• Action item: Exactly and only the lines from the line holding "10973055 10153029737257770 147763379" to the end of the records should be reproduced. Leave pictures out.

• Captioned web image data:

== Segment start ==

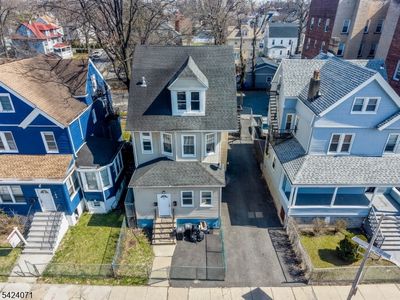 162 S Clinton St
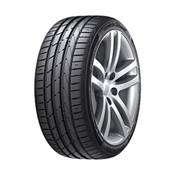 Hankook Ventus S1 evo2 K117A SUV Vergleich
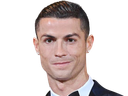 :Fier_ronaldo:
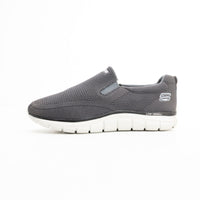 Thumbnail for S2 Men Skechers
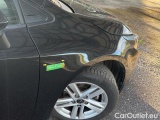  Toyota  Corolla 1.8 HYBRID 122 CVT DYN BUS BEYOND ZERO #24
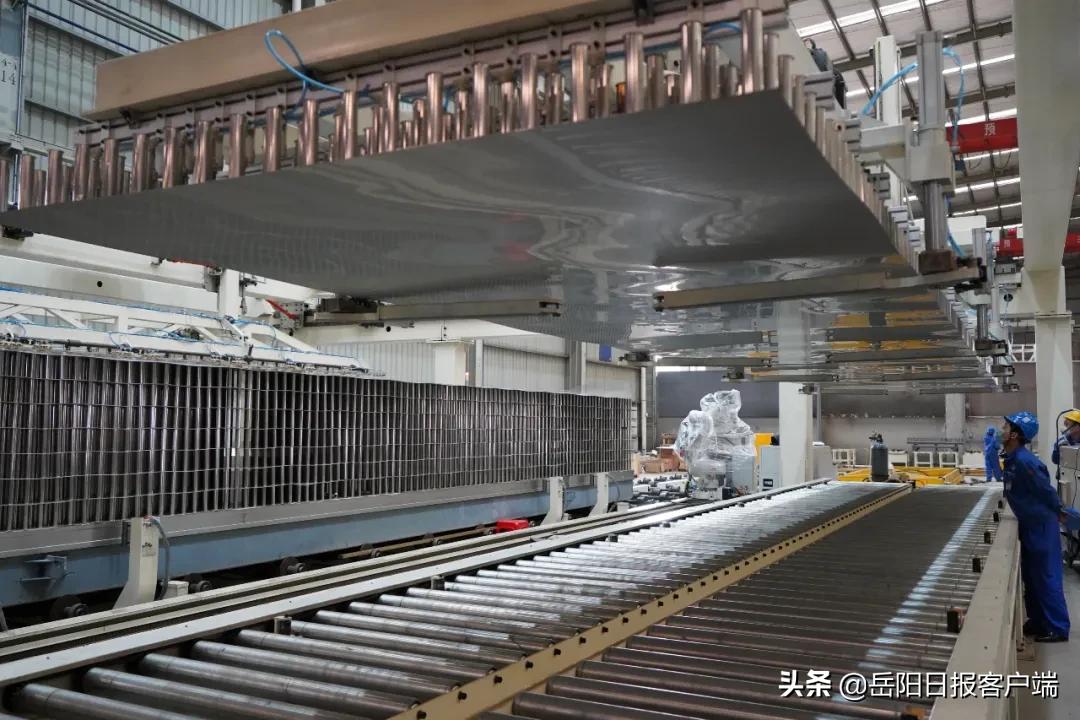 韩国火神山医院怎么建设的,韩国火神山雷神山医院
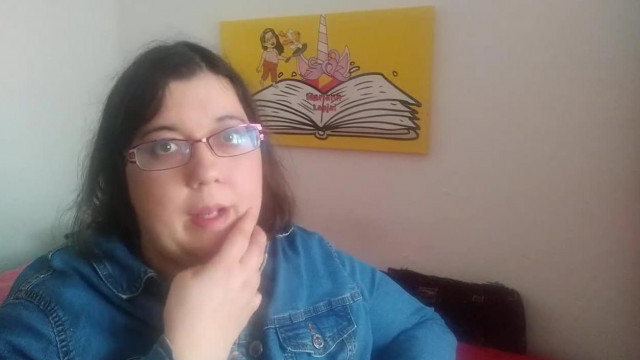 Bariadd bevédi a büfészakokat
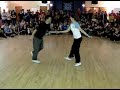 collegiate-shag-demo-by-ron-anne-gold-.html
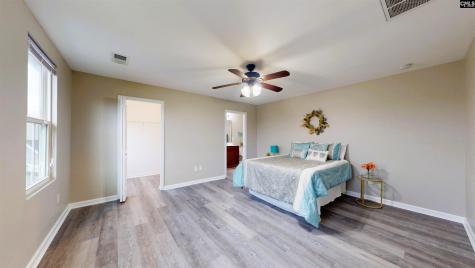 1014 Sequoia Court Lexington SC 29073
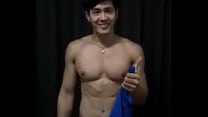 10973055 10153029737257770 147763379 n Thumbnail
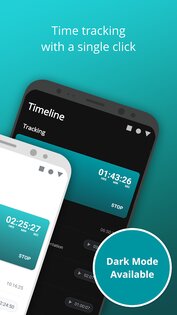 Boosted – Productivity & Time Tracker 1.6.8. Скриншот 2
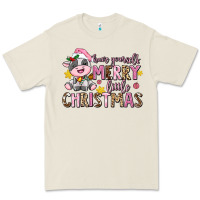 Bone have yourself merry little christmas Premium Tee - AdoDesignShop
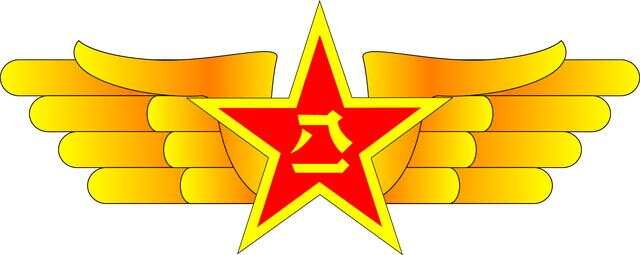 中国人民解放军帽徽图片大全，历史、象征与荣耀，中国人民解放军帽徽，历史、象征与荣耀的图片大全展示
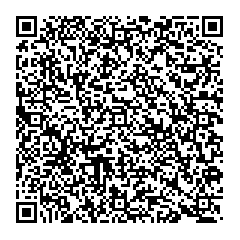 Rera Kerala QR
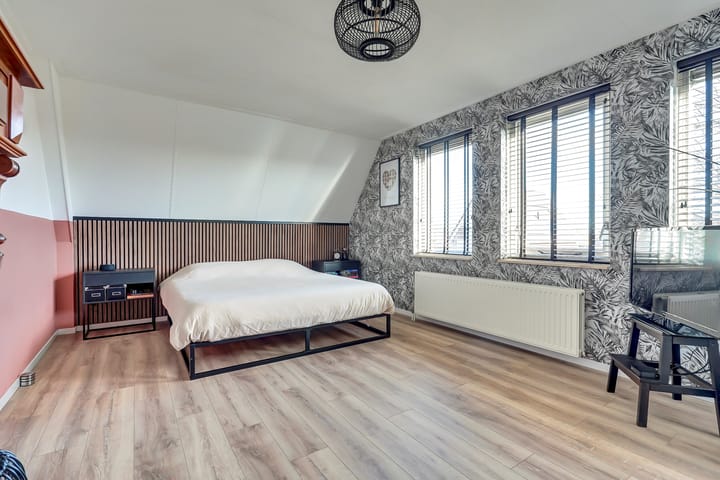 Photo 25 of Verlengde Tweede Koppelveenweg 12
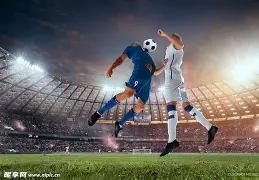 拜仁连续两,轮未尝胜绩,多特遭遇连,新葡京,新葡京app,新葡京娱乐,新普京赌场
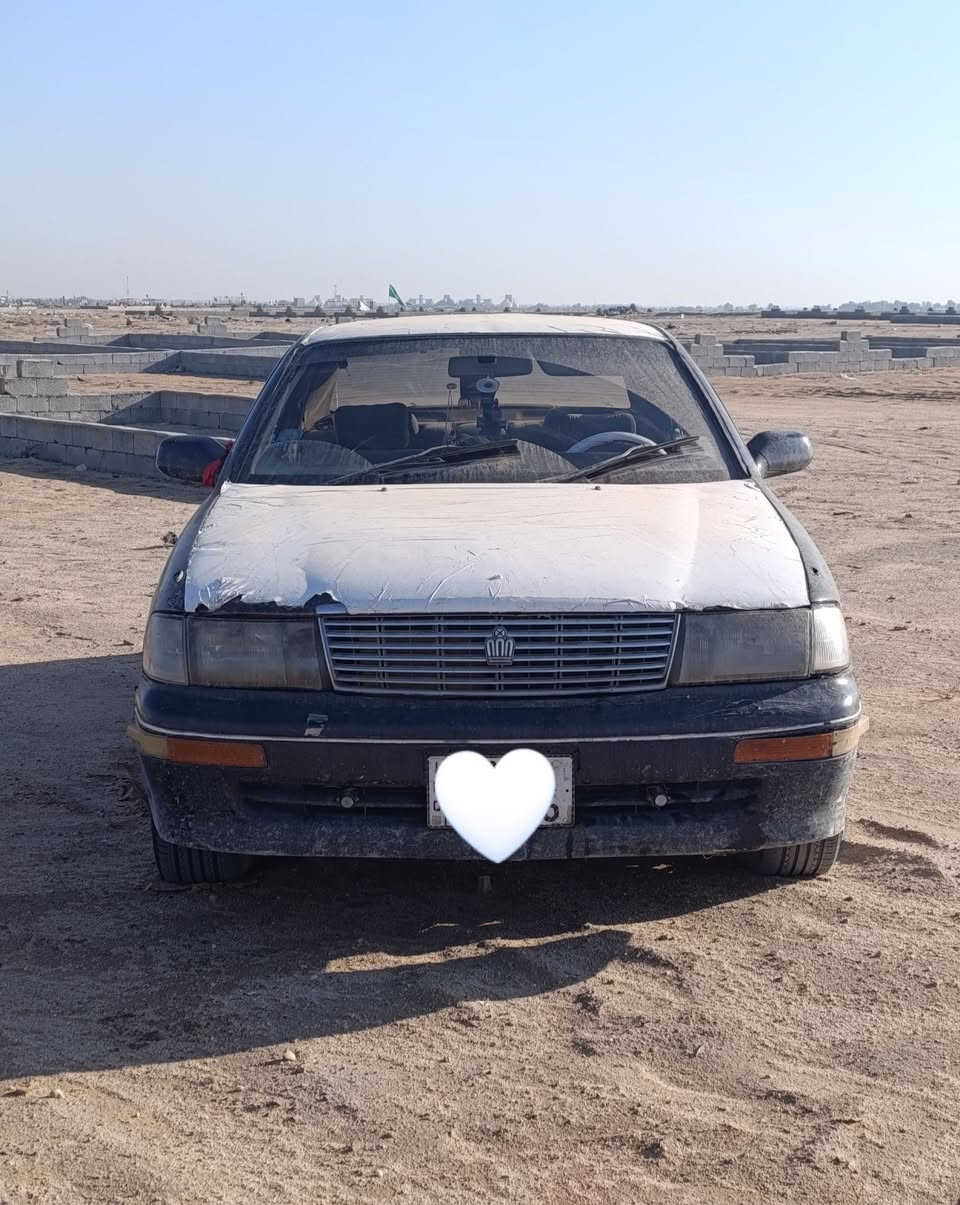 بطه متصل مديل 93بسمي رقم نكليزي جاهزه حداديه تخم تاير مكينه وكير جداد سعر 48مكاني كرب ***********
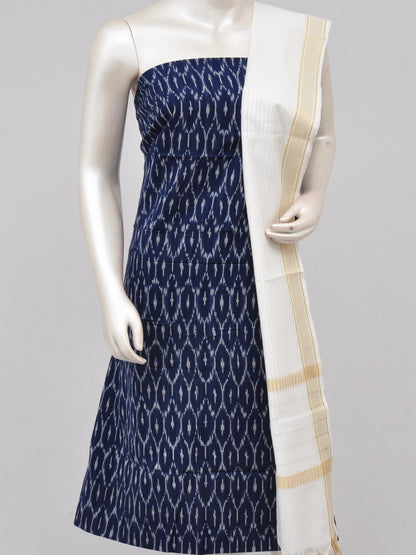 Cotton Designer Dress Material [D61203023]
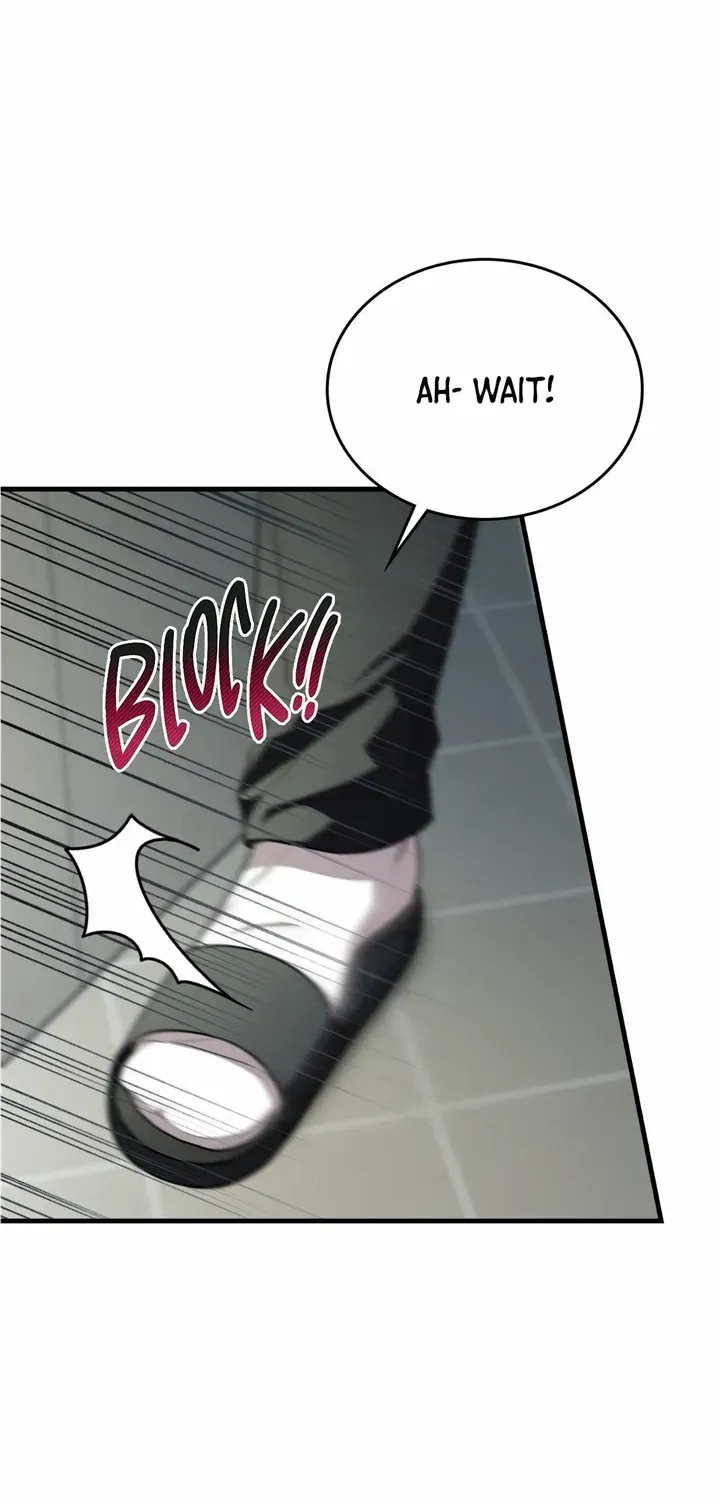 Read My Guildmate Next Door chapter 23 image 45 on Lezhin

== Segment end ==

• Written answer:
 10973055 10153029737257770 147763379 n Thumbnail
 Boosted – Productivity & Time Tracker 1.6.8. Скриншот 2
 Bone have yourself merry little christmas Premium Tee - AdoDesignShop
 中国人民解放军帽徽图片大全，历史、象征与荣耀，中国人民解放军帽徽，历史、象征与荣耀的图片大全展示
 Rera Kerala QR
 Photo 25 of Verlengde Tweede Koppelveenweg 12
 拜仁连续两,轮未尝胜绩,多特遭遇连,新葡京,新葡京app,新葡京娱乐,新普京赌场
 بطه متصل مديل 93بسمي رقم نكليزي جاهزه حداديه تخم تاير مكينه وكير جداد سعر 48مكاني كرب ***********
 Cotton Designer Dress Material [D61203023]
 Read My Guildmate Next Door chapter 23 image 45 on Lezhin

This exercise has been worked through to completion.